On July 29, 1976, plaintiff was assigned to City Hall to supervise the cleaning crew there, although a cleaning crew supervisor remained on the job after plaintiff arrived. Phelan shared a basement office with the Superintendent of Buildings and had little contact with the Commissioner in this capacity. Dissatisfied with plaintiff's lack of initiative and competence and his absences from the job at City Hall, Commissioner Maikels terminated plaintiff's employment in January of 1978.
Plaintiff contends that his eventual discharge from employment constituted retaliation for the testimony he gave at the Van Valkenburg hearing. This testimony, he claims, is protected by the first amendment, although plaintiff's attorney concedes that his "[r]esearch has revealed no reported case on point on the issue of whether testimony is protected by the First Amendment." (Post-Trial Memorandum on Behalf of Plaintiff, p. 9). However, plaintiff asserts that it "appears" in Brule v. Southworth, 611 F.2d 406 (1st Cir.1979), that the unreported district court decision subject of appeal included an opinion that certain testimony given by plaintiffs was protected by the first amendment. This Court finds no such implication in the court of appeals decision. The plaintiffs in Brule were correction officials who were suspended from employment by their superiors at the Rhode Island Correctional Institution after making remarks critical of a lock-up policy instituted after a prison disturbance. These remarks were made in "public statements" as well as in testimony before a state senate committee, a gubernatorial commission and the court where the inmates brought suit.Although the district court found that the plaintiffs' "public statements" were protected, and this finding was not challenged on appeal, there is no indication that the testimony given by plaintiffs was included within the ambit of constitutional protection, and the court of appeals declined to address the issue.
In the opinion of this Court, the testimony given by plaintiff at the administrative hearing did not invoke first amendment protection. "It is the purpose of the First Amendment to preserve an uninhibited market place of ideas in which truth will ultimately prevail. . . . It is the right of the public to receive suitable access to social, political, esthetic, moral, and other ideas and experiences which is crucial here." Red Lion Broadcasting Co. v.
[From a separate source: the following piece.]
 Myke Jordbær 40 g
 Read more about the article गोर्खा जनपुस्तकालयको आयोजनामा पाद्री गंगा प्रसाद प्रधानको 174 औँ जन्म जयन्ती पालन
FCC, 395 U.S. 367, 390, 89 S. Ct. 1794, 1807, 23 L. Ed. 2d 371 (1969). The freedom to advocate ideas is the basic guarantee of the first amendment, Kingsley Int'l Pictures Corp. v. Regents of the University of the State of New York, 360 U.S. 684, 688, 79 S. Ct. 1362, 1365, 3 L. Ed. 2d 1512 (1959), and the free and unfettered interchange of ideas is considered essential to bring about desired changes in our society. Roth v. United States, 354 U.S. 476, 77 S. Ct. 1304, 1 L. Ed. 2d 1498 (1957); see Abrams v. United States, 250 U.S. 616, 630, 40 S. Ct. 17, 22, 63 L. Ed. 1173 (1919) (Holmes, J., dissenting). The "core value" of the first amendment's Free Speech Clause is the public's interest in unhindered debate on those matters considered important by the people, Pickering v. Board of Education, 391 U.S. 563, 573, 88 S. Ct. 1731, 1737, 20 L. Ed. 2d 811 (1968), and there is a "profound national commitment to the principle that debate on public issues should be uninhibited, robust and wide open. . . ." N.Y. Times v. Sullivan, 376 U.S. 254, 270, 84 S. Ct. 710, 721, 11 L. Ed. 2d 686 (1964).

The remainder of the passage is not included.